In the Italian newspapers this morning was a quote by a known Italian politician who said that what happened in the UK was an excess of democracy and that the people will now have to pay for it. Like all things in life the middle position is always best and in this case we saw a PM, David Cameron gambling the future to save his own political career. So despite his professed love of England, he has like all power hungry politicians more attachment to his political career and survival, unfortunately for him, he will be remembered as the one who created this horrible mess. As for ex-Mayor of London, Boris Johnson and Nigel Farange the leader of UKIP, they were both opportunists and irresponsible during the campaign. However their victory is to assure them of political power, that is the name of the game. The future will show that dark days are ahead for England, nothing will ever be the same. There was no need for this referendum, Mr Cameron thought it would resolve a dispute within the Conservative Party, he did not seem to understand that the consequences could be this serious for the Nation.

On the voting figures, London is now effectively an enclave of its own – a city-state wholly divorced culturally, politically, financially and by its inclusive outlook from England. By those same figures, the young are in potentially irreconcilable conflict with their grandparents; the university educated with those bereft of higher education; and, if to a lesser degree, the urban with the rural.

This seems to a trend even in Canada, if one looks at the great cities like Vancouver, Toronto, Montreal or the division by class and by level of education.
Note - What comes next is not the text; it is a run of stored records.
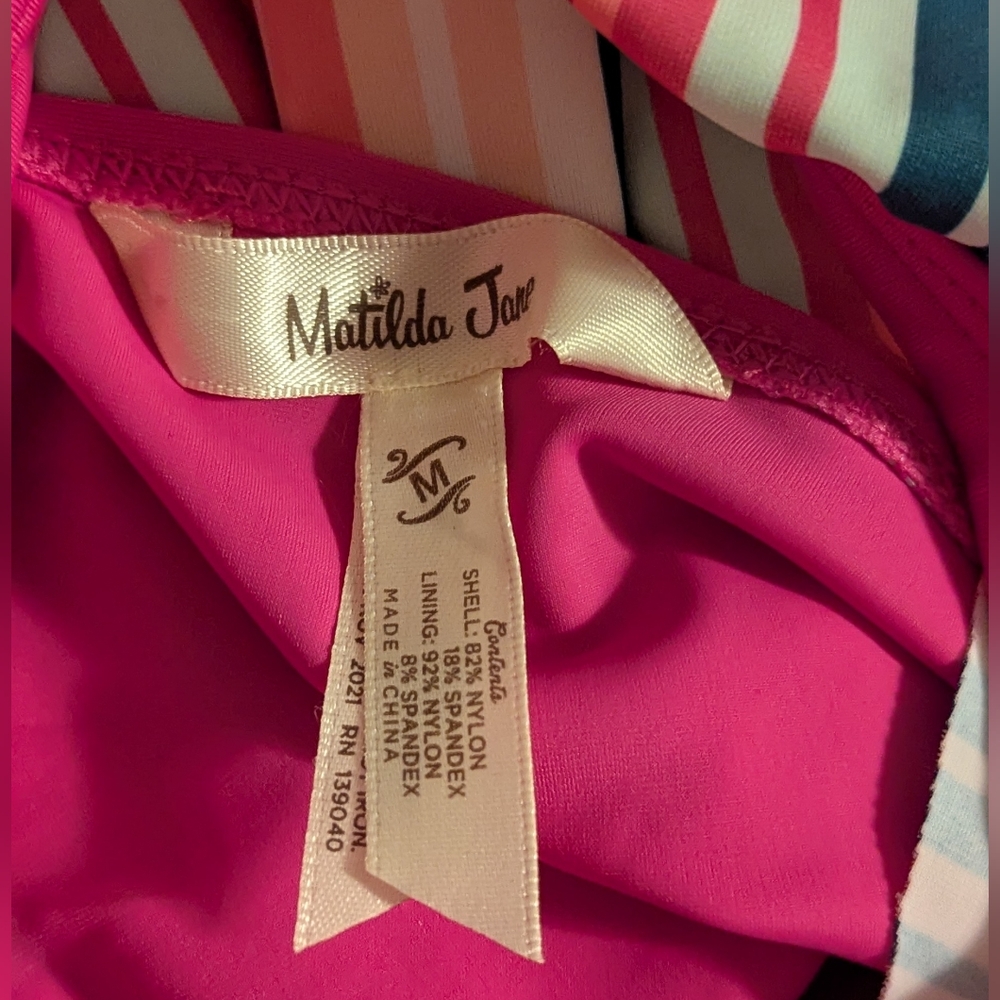 NWT Matilda Jane Women's Medium Swimsuit Sunrise Sunset Top & Bottoms Pink - Picture 11 of 12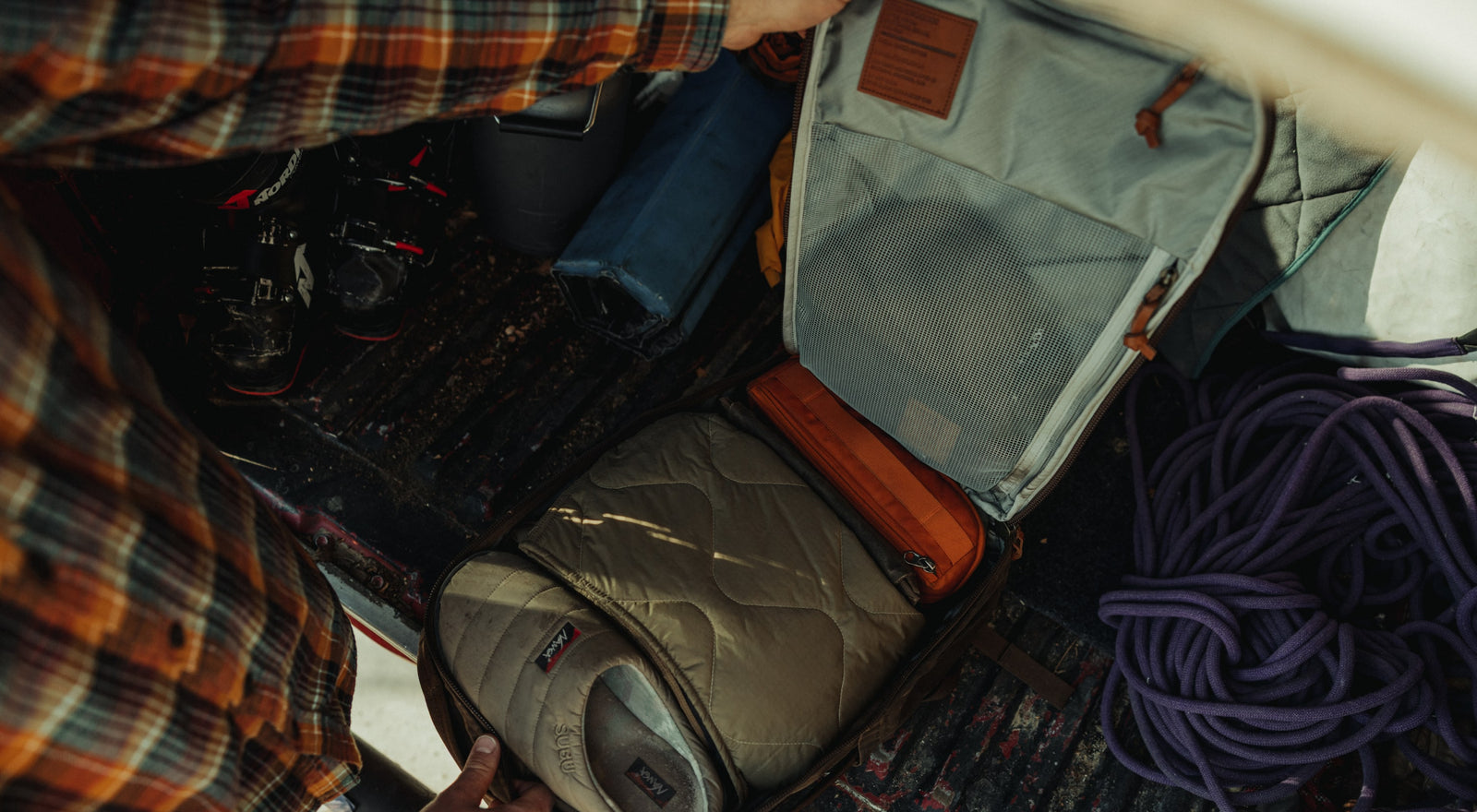 CIVIC Travel Bag in Waxed Canvas - standard gray interior lining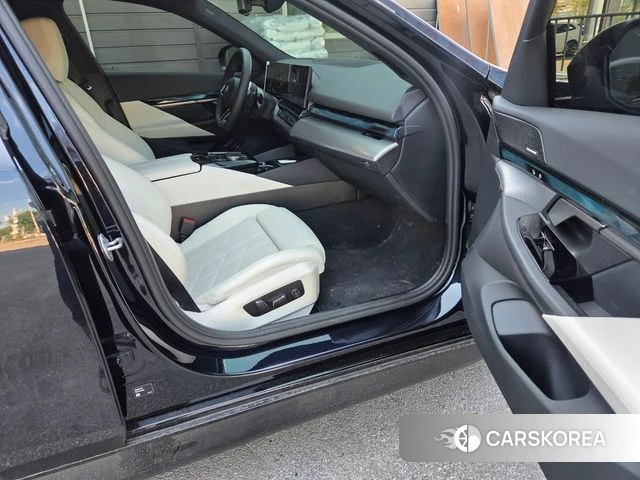 BMW 5 Series (G60) 2025 Синий из Кореи, фото 5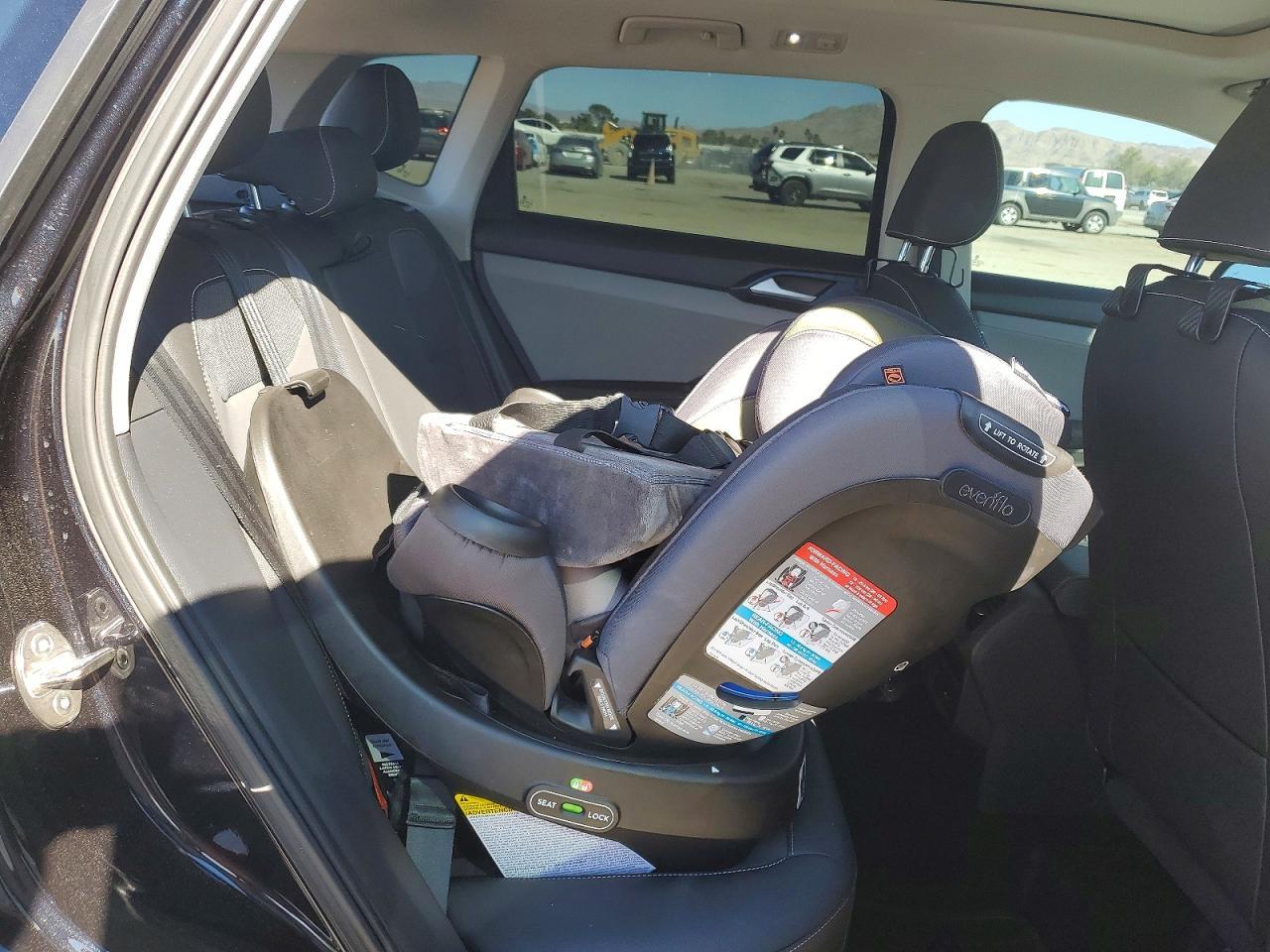 2024 Volkswagen Taos Se - zdjęcie 11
What is truly worrying is the level of Civic Illiteracy amongst the average person who do not know how our Parliamentary democracy works or what the Constitution says about how we govern ourselves.

In this sense this was an excess of democracy, you do not launch into a referendum process when the population can be so easily manipulated and is ignorant of the most basic facts. When far right politicians like Farange are willing to play on the fear of people at their most basic, fear of the other, or invent stories about what membership cost. For those who believe that England can return with this vote to the mythical days of Empire and Mary Poppins or other symbols of a Britain of long ago, that will not happen.

Again in our Parliamentary system in Canada like in Britain, tradition is for the Government to lead in Parliament and to take action.  You do not hold referendums, Parliament is Sovereign and is elected to govern.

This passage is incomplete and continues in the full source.